Debt Ratio is a financial ratio that indicates the percentage of a company’s assets that are provided via debt. It measures the extent of a company’s leverage. The debt ratio is defined as the ratio of total debt to total assets, expressed as a decimal or percentage.
A ratio greater than 1 shows that a considerable portion of debt is funded by assets. In other words, the company has more liabilities than assets. A high ratio also indicates that a company may be putting itself at a risk of default on its loans if interest rates were to rise suddenly. A ratio below 1 translates to the fact that a greater portion of a company’s assets is funded by equity.
The debt ratio is calculated by dividing total liabilities by total assets. The debt ratio shows the overall debt burden of the company—not just the current debt.
What Does It Tell You?
Companies with higher levels of liabilities compared with assets are considered highly leveraged and more risky for lenders. At the same time, leverage is an important tool that companies use to grow, and many businesses find sustainable uses for debt.
This helps investors and creditors analyze the overall debt burden on the company as well as the firm’s ability to pay off the debt in future, uncertain economic times.
A lower debt ratio usually implies a more stable business with the potential of longevity because a company with lower ratio also has lower overall debt. Each industry has its own benchmarks for debt, but 0.5 is a reasonable ratio.
A debt ratio of 0.5 is often considered to be less risky. This means that the company has twice as many assets as liabilities. Or said a different way, this company’s liabilities are only 50 percent of its total assets. Essentially, only its creditors own half of the company’s assets and the shareholders own the remainder of the assets.

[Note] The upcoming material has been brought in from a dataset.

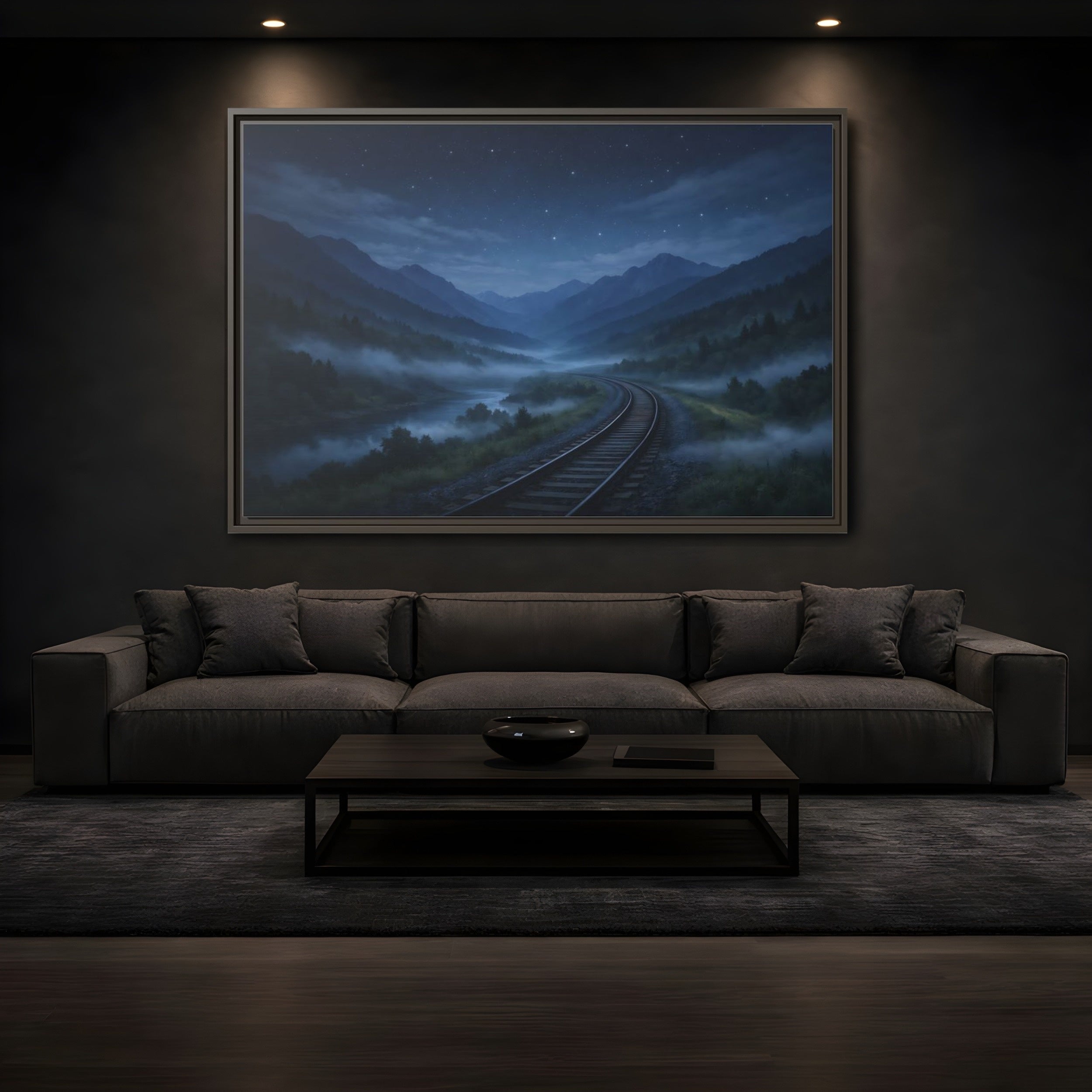 Mockup 3. Nature Train Tracks Misty Night Landscape shown as stretched canvas wall art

A ratio of 1 means that total liabilities equal total assets. In other words, the company would have to sell off all of its assets in order to pay off its liabilities. Obviously, this is a highly leveraged firm. Once its assets are sold off, the business no longer can operate.
More About Debt Ratio
Let’s look at a few examples from different industries to contextualize the debt ratio: Starbucks Corp. (SBUX) listed $0 in short-term and current portion of long-term debt on its balance sheet for the fiscal year ended October 1, 2017, and $3,932,600,000 in long-term debt. The company’s total assets were $14,365,600,000. This gives us a debt ratio of $3,932,600,000 ÷ $14,365,600,000 = 0.2738, or 27.38%.
To assess whether this is high, we should consider the capital expenditures that go into opening a Starbucks: leasing commercial space, renovating it to fit a certain layout, and purchasing expensive specialty equipment, much of which is used infrequently. The company must also hire and train employees in an industry with exceptionally high employee turnover, adhere to food safety regulations, etc. for more than 24,00 locations, in 75 countries. Perhaps 27% isn’t so bad after all, and indeed Morning Star gives the industry average as 40%. The result is that Starbucks has an easy time borrowing money; creditors trust that it is in a solid financial position and can be expected to pay them back in full.
What about a technology company? For the fiscal year ended December 31, 2016, Facebook Inc. (FB) reported its short-term and current portion of long-term debt as $280,000,000; its long-term debt was $5,767,000,000; its total assets were $64,961,000,000. Facebook’s debt ratio can be calculated as ($280,000,000 + $5,767,000,000) ÷ $64,961,000,000 = 0.0931, or 9.31%. Facebook does not borrow on the corporate bond market. It has an easy enough time raising capital through stock.
Finally, let’s look at a basic materials company, the St. Louis-based miner Arch Coal Inc. (ARCH). For the fiscal year ended December 31, 2016, the company posted short-term and current portions of long-term debt of $11,038,000, long-term debt of $351,841,000 and total assets of $2,136,597,000. Coal mining is extremely capital-intensive, so the industry is forgiving of leverage: the average debt ratio is 47%. Even in this cohort, Arch Coal‘s debt ratio of ($11,038,000 + $351,841,000) ÷ $2,136,597,000 = 16.98% is well below average.There is a sense that all debt ratio analysis must be done on a company-by-company basis as it depends on the industrial sector whether the debt ratio is good or not. Balancing the dual risks of debt—credit risk and opportunity cost—is something that all companies must do.